Different learning rate for a specific layer

I want to change the learning rate of only one layer of my neural nets to a smaller value. I am aware that one can have per-layer learning rate according to this:
https://pytorch.org/docs/0.3.0/optim.html#per-parameter-options

However if I have a lot of layers, it is quite tedious to specific learning rate for each of them. Is there a more convenient way to specify one lr for just a specific layer and another lr for all other layers? Many thanks!

3 Likes

Yes, as you can see in the example of the docs you’ve linked, model.base.parameters() will use the default learning rate, while the learning rate is explicitly specified for model.classifier.parameters().

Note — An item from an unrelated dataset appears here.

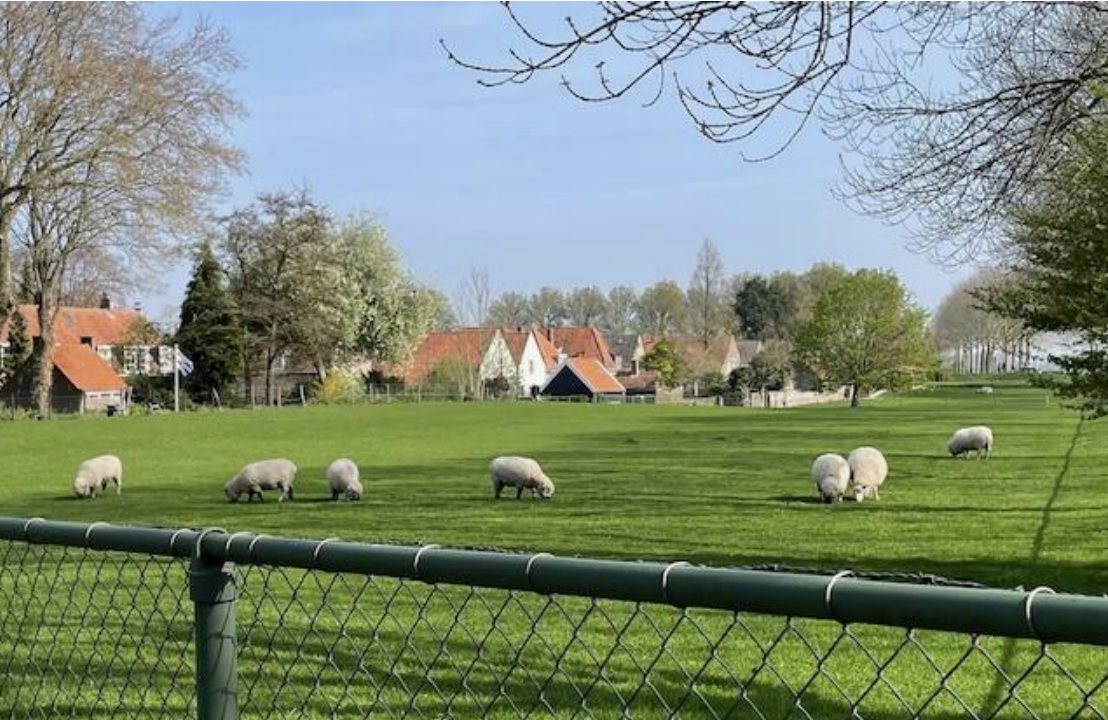 Three Travelers on the road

In your use case, you could filter out the specific layer and use the same approach.

2 Likes

Thanks. So i there a convenient way of filter out a specific layer? Cuz I have been searching for a while and could not fine one

You could use filter to get the base and “special” parameters:

class MyModel(nn.Module):
    def __init__(self):
        super(MyModel, self).__init__()
        self.conv1 = nn.Conv2d(3, 6, 3, 1, 1)
        self.pool1 = nn.MaxPool2d(2)
        self.conv2 = nn.Conv2d(6, 12, 3, 1, 1)
        self.pool2 = nn.MaxPool2d(2)
        self.fc1 = nn.Linear(12*56*56, 128)
        self.fc2 = nn.Linear(128, 10)
        
    def forward(self, x):
        x = F.relu(self.conv1(x))
        x = self.pool1(x)
        x = F.relu(self.conv2(x))
        x = self.pool2(x)
        x = x.view(x.size(0), -1)
        x = F.relu(self.fc1(x))
        x = self.fc2(x)
        return x

        
model = MyModel()

my_list = ['fc1.weight', 'fc1.bias']
params = list(filter(lambda kv: kv[0] in my_list, model.named_parameters()))
base_params = list(filter(lambda kv: kv[0] not in my_list, model.named_parameters()))

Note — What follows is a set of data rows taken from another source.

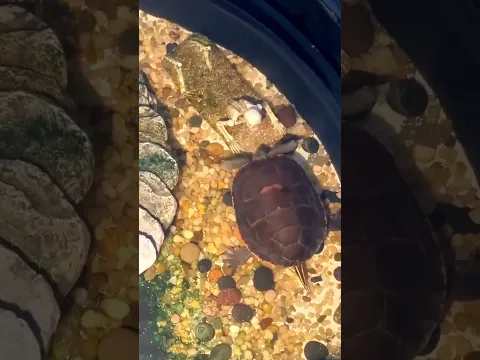 mi tortuga esta un poco extraña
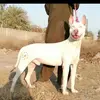 dougsellerpeshawa - @dougsellerpeshawa - TikTok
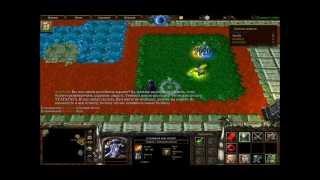 Warcraft 3 Ты идиот? - 13 уровень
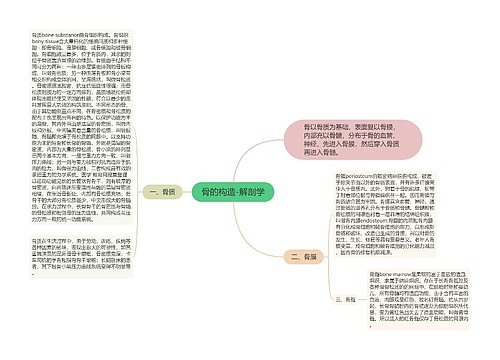 骨的构造-解剖学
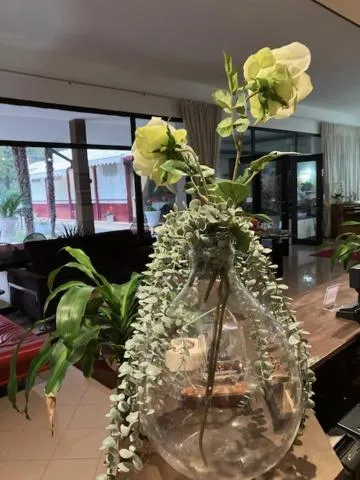 Restaurant/places to eat in Hotel Rey's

Depending on your model definition (custom vs. nn.Sequential etc.) some other code snippets might be prettier. Let me know, if that works for you.

19 Likes

Thanks a lot! this works for me.

Hello,
please consider the following code:

There are multiple layers before this affine operation and activation layer

    self.fc1 = nn.Linear(13824, 4096) 
    torch.nn.init.kaiming_normal_(self.fc1.weight) 
    self.batchnorm_fc1 = nn.BatchNorm1d(4096)
    #YL
    self.fc3 = nn.Linear(4096,  3* 11* 13)
    torch.nn.init.kaiming_normal_(self.fc3.weight)
    self.batchnorm_fc3 = nn.BatchNorm1d( 3* 11* 13)
    
    #YH[0]
    self.fc4 = nn.Linear(4096,   3* 3* 29* 39)
    torch.nn.init.kaiming_normal_(self.fc4.weight)
    self.batchnorm_fc4 = nn.BatchNorm1d( 3* 3* 29* 39)
    
    #YH[1] there are two more layers here 
    #YH[2] 

I start creating multiple heads here as the output, however YH[0] for instance has a product of numbers (you might call it weights) around 10k while YL has product of numbers of around ~400. I would like to treat each of those layers (and their weight) differently when it comes to their learning rates, otherwise the gradient is propagating through all those 400+10000+… numbers which overlooks the significance of YL sub-band output which is the most significant in my case. What do you recommend?!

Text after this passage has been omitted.